------ Available data

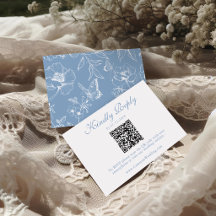 Elegante staubblaue Blumige QR-Code-Hochzeit RSVP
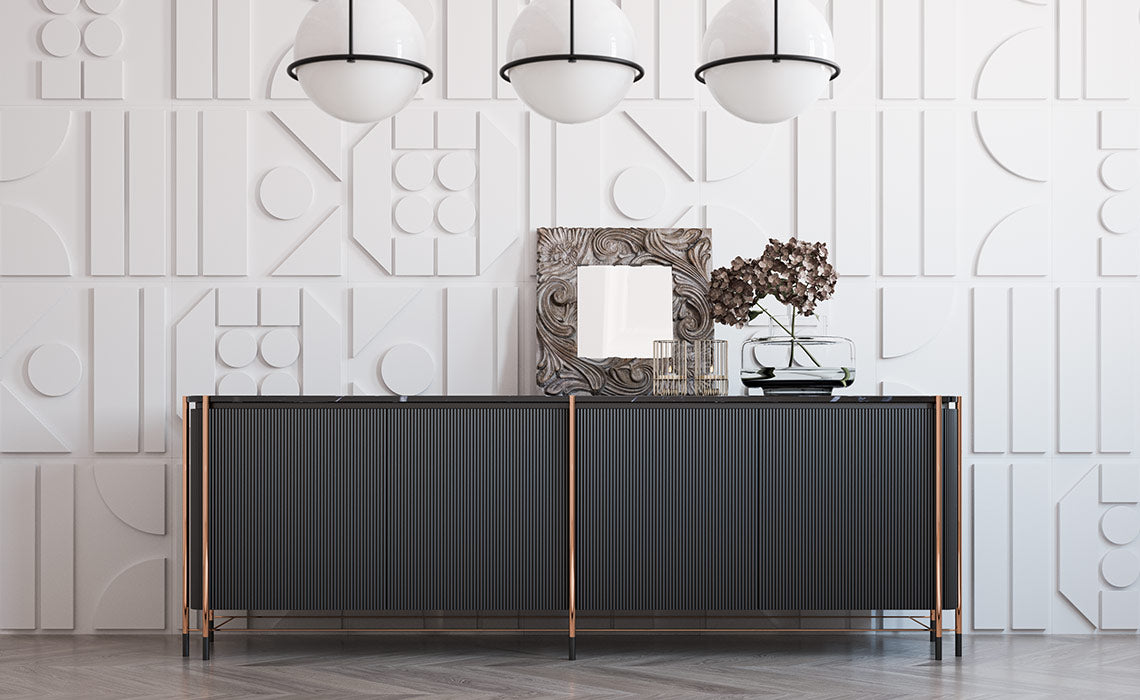 Buffet Dali marbre bois laqué acier inoxydable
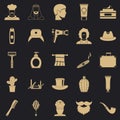 Hats icons set, simple style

------------

Without any pictures, return the material above exactly.

> Task output:
 Elegante staubblaue Blumige QR-Code-Hochzeit RSVP
 Buffet Dali marbre bois laqué acier inoxydable
 Hats icons set, simple style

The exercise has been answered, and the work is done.